Slow computation on google colab while solving partial differential equation

I 'm using google colab to solve the homogeneous heat equation. I had made a program earlier with scipy using sparse matrices which worked upto N = 10(hyperparameter) but I need to run it for like N = 4... 1000 and thus it won't work on my pc. I therefore converted the code to tensorflow and here I 'm unable to use sparse matrices like I could in sympy but even the GPU/TPU computation is also slow and slower than my pc. Problems that I'm facing in the code and require solution for
1) tf.contrib is removed and thus I 've to use an older version of tensorflow for odeint function. Where is it in 2.0?
2)If the computation can be computed with sparse matrices it could be good since matrices are tridiagonal.I know about sparse_dense_mul() function but that returns dense tensor and it wouldn't do the job. The "func" function applies time independent boundary conditions and then requires matrix multiplication of (nxn) with (nX1) which gives (nX1) with multiple matrices.
Also the program was running faster without I created the class.
Also it's giving this
WARNING: Logging before flag parsing goes to stderr.
W0829 09:12:24.415445 139855355791232 lazy_loader.py:50]
The TensorFlow contrib module will not be included in TensorFlow 2.0.
For more information, please see:
* https://github.com/tensorflow/community/blob/master/rfcs/20180907-contrib-sunset.md
* https://github.com/tensorflow/addons
* https://github.com/tensorflow/io (for I/O related ops)
If you depend on functionality not listed there, please file an issue.
W0829 09:12:24.645356 139855355791232 deprecation.py:323] From /usr/local/lib/python3.6/dist-packages/tensorflow/contrib/integrate/python/ops/odes.py:233: div (from tensorflow.python.ops.math_ops) is deprecated and will be removed in a future version.

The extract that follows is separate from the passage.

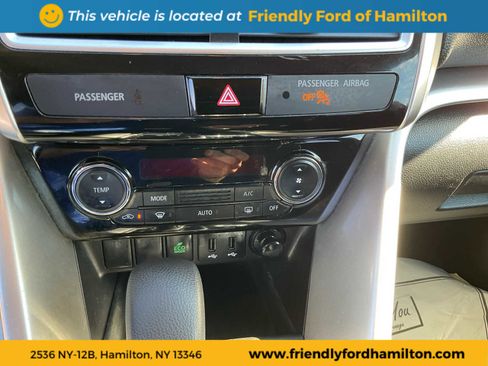 Used 2020 Mitsubishi Eclipse Cross LE image 16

Instructions for updating:
Deprecated in favor of operator or tf.math.divide.
when I run code for loop in range(2, 10) and tqdm does not display and cell keeps running forever but it works fine for in (2, 5) and tqdm bar does appears.

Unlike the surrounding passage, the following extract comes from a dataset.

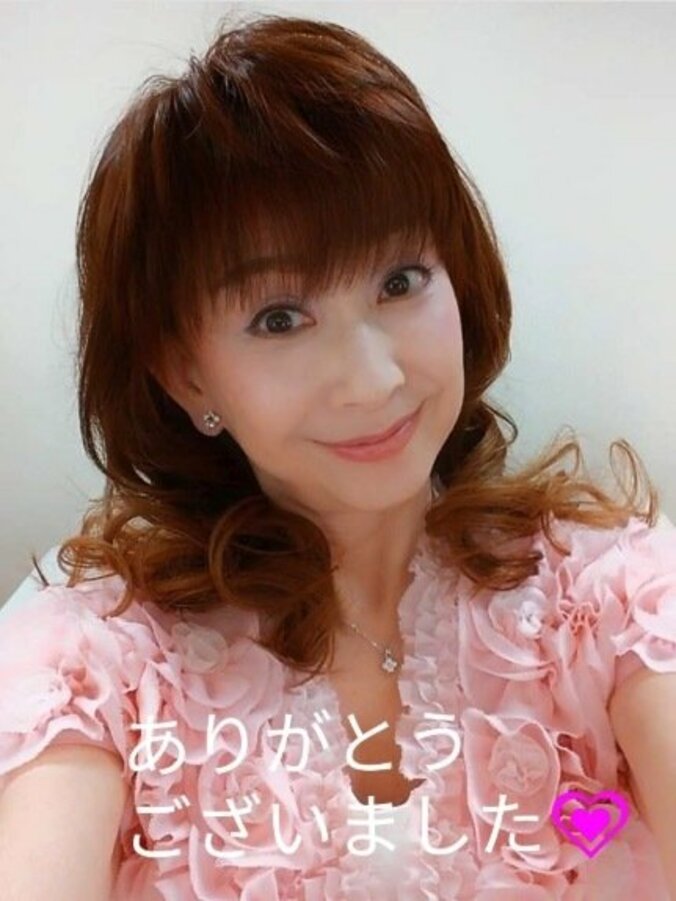 大場久美子、還暦への祝福に感謝「幸せな還暦スタートとなりました」 1枚目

#find a way to use sparse matrices
class Heat:
def __init__(self, N):
self.N = N
self.H = 1/N
self.A = ts.to_dense(ts.SparseTensor(indices=[[0, 0], [0, 1]] + \
[[i, i+j] for i in range(1, N) for j in [-1, 0, 1]] +[[N, N-1], [N, N]],
values=self.H*np.array([1/3, 1/6] + [1/6, 2/3, 1/6]*(N-1) + [1/6, 1/3], dtype=np.float32),
dense_shape=(N+1, N+1 )))
self.D = ts.to_dense(ts.SparseTensor(indices=[[0, 0], [0, 1]] + [[i, i+j] \
for i in range(1, N) for j in [-1, 0, 1]] +[[N, N-1], [N, N]],
values=N*np.array([1-(1), -1 -(-1)] + [-1, 2, -1]*(N-1) + [-1-(-1), 1-(1)], dtype=np.float32),
dense_shape=(N+1, N+1)))
self.domain = tf.linspace(0.0, 1.0, N+1)
def f(k):
if k == 0:
return (1 + math.pi**2)*(math.pi*self.H - math.sin(math.pi*self.H))/(math.pi**2*self.H)
elif k == N:
return -(1 + math.pi**2)*(-math.pi*self.H + math.sin(math.pi*self.H))/(math.pi**2*self.H)
else:
return -2*(1 + math.pi**2)*(math.cos(math.pi*self.H) - 1)*math.sin(math.pi*self.H*k)/(math.pi**2*self.H)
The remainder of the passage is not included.